The European Geological Society (EGU) publishes 14 different gold Open Access journals with the help of Copernicus Publishing. One of these in particular – Atmospheric Chemistry and Physics has been hugely successful and through high citation rate is now ranked the 2nd best journal of 71 in the category “Meterology & Atmospheric Sciences” in Thomson Reuters JCR. It happily publishes articles using the Creative Commons Attribution Licence (CC BY) and charges a fair, variable APC that is cheaper for those who submit manuscripts in LaTeX form – reflecting the ease of which it is to convert such manuscripts into publishable forms. Microsoft Word submissions require more processing and thus they charge more (reflecting real cost). It is commendable that they expose, and make avoidable some of the labor costs of typesetting this way.

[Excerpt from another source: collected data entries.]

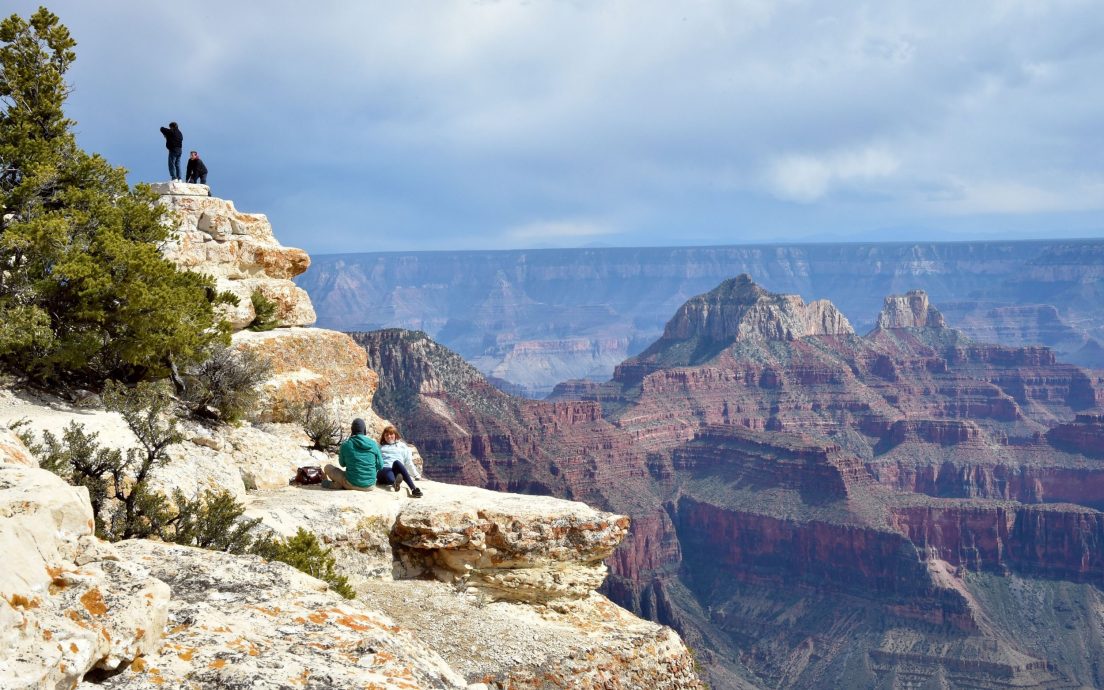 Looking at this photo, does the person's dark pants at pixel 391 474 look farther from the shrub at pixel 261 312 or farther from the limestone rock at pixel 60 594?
the limestone rock at pixel 60 594

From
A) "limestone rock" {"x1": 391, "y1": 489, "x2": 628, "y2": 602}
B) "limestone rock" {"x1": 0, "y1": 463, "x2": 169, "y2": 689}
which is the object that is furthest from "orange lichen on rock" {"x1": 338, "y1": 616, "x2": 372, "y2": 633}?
"limestone rock" {"x1": 391, "y1": 489, "x2": 628, "y2": 602}

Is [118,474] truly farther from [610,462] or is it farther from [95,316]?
[610,462]

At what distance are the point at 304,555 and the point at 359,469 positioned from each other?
3.84 metres

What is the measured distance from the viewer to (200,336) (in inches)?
705

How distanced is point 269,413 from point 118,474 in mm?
8166

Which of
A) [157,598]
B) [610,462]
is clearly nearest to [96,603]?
[157,598]

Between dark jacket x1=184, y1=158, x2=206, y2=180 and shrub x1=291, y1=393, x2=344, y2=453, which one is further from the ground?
dark jacket x1=184, y1=158, x2=206, y2=180

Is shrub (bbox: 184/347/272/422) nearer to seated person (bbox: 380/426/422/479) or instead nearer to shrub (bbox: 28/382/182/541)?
seated person (bbox: 380/426/422/479)

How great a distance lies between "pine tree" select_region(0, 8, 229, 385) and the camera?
1603 cm

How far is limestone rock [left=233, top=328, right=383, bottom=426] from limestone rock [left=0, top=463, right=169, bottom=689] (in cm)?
1262

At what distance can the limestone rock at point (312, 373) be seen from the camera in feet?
70.8

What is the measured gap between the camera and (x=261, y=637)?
8.18m

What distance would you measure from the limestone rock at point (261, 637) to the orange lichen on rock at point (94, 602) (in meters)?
0.45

Furthermore, I’d bet there are many different societies operating subscription access journals that already allow self-archiving of published works so that they’d be compliant with the ‘Green’ OA route which the RCUK policy also allows. This would seem to me to be a fairly pain-free way of complying with the policy should ESA wish to do so via this route.

Overall, I think it would be fairer for all societies to publish associated journals in an Open Access manner – whilst clearly delivering on their core mission(s) of educating the world (not just a few subscribers) about their subject. Relying on denying access to research via paywalls to provide surplus income with which to spend on outreach and other activities that further the society mission, seem to me like a very convoluted justification and an inefficient way of achieving outreach goals. Put simply, Open Access very clearly fulfils many of the core purposes of learned societies and provides an open platform with which to build outreach around.


Finally, I would like to respond to some specific points that you mentioned in ESA and Scientific Publishing—Past, Present, and Pathways to the Future. 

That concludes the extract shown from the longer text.